If you need a lot of stimulation, this is not your place. Oh, and it is at nearly 11,000 feet elevation and the minibar includes bottles of oxygen.

Lijiang sightseeing: I spent a morning in Songzalin Monastery on a private tour with a Tibetan Buddhist Guide. There were just the two of us and we could go at my pace, which given the altitude and the number of stairs, was fairly slow. But we visited just about every chapel in the monastery, and Peter explained in great detail the various Buddhas and Bodhisattvas and Lamas.

We probably had a more open and frank discussion of the religion and politics of the region than we could have in Tibet proper. We then stopped in the old town of Shangri La, much of which was destroyed in a fire last year.

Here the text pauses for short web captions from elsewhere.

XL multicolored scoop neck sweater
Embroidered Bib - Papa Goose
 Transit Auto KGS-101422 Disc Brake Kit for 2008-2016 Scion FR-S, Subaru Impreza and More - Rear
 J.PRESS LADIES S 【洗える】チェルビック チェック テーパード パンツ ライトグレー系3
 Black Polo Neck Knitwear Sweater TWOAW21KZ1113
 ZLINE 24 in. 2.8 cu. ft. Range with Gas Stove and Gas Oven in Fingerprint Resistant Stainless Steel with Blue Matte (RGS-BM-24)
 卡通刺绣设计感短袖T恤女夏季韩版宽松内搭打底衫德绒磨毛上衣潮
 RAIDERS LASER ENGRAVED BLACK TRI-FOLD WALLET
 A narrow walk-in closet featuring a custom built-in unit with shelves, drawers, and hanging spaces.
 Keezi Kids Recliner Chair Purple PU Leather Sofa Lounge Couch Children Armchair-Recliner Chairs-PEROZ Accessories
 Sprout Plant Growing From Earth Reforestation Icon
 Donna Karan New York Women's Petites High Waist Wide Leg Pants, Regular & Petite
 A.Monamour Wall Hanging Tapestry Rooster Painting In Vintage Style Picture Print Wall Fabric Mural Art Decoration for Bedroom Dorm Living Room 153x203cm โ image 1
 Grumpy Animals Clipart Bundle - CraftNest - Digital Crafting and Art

We saw the reconstruction of the new old town and to visited a smaller temple that has the largest prayer wheel in the world.

In the afternoon, we visited Potatso National Park. By our standards, this is a tiny little park, but the idea of preserving the wilderness is fairly new in China. The park is only accessible by bus, and the stops include two very pretty alpine lakes. You can either walk the shoreline on a boardwalk or take a boat down the length of the lake. For someone who grew up at the foot of the Sierra Nevada, this was not stunning, but in the context of the modern China, it was pretty special. The bus also stops for a few moments at a place that overlooks a high altitude meadow that is the summer pasturage of the nomadic yak herders. It looked for all the world like Wyoming. All of the other passengers on the bus were domestic Chinese tourists; they had obviously never seen any place like this and were in awe of the natural beauty. And it seems the park is doing a very good job of trying to protect the environment by keeping everyone on the paths. There is even a bit of lip service to the Tibetans, the buses circle the park clockwise, which is the correct way to circle anything (temple, parks, mountains) in Tibet.

Overall impression of Shangri La. Not for everyone. The altitude is challenging, and this is not on the way to anywhere, except maybe Tibet proper.

We are blessed with great natural beauty in our country, and this is a long way to go to see mountains and lakes. But it is special, and the impression will remain with me for a long time. If you, like I, travel to see just how different the world can be, then this might just be a place to consider.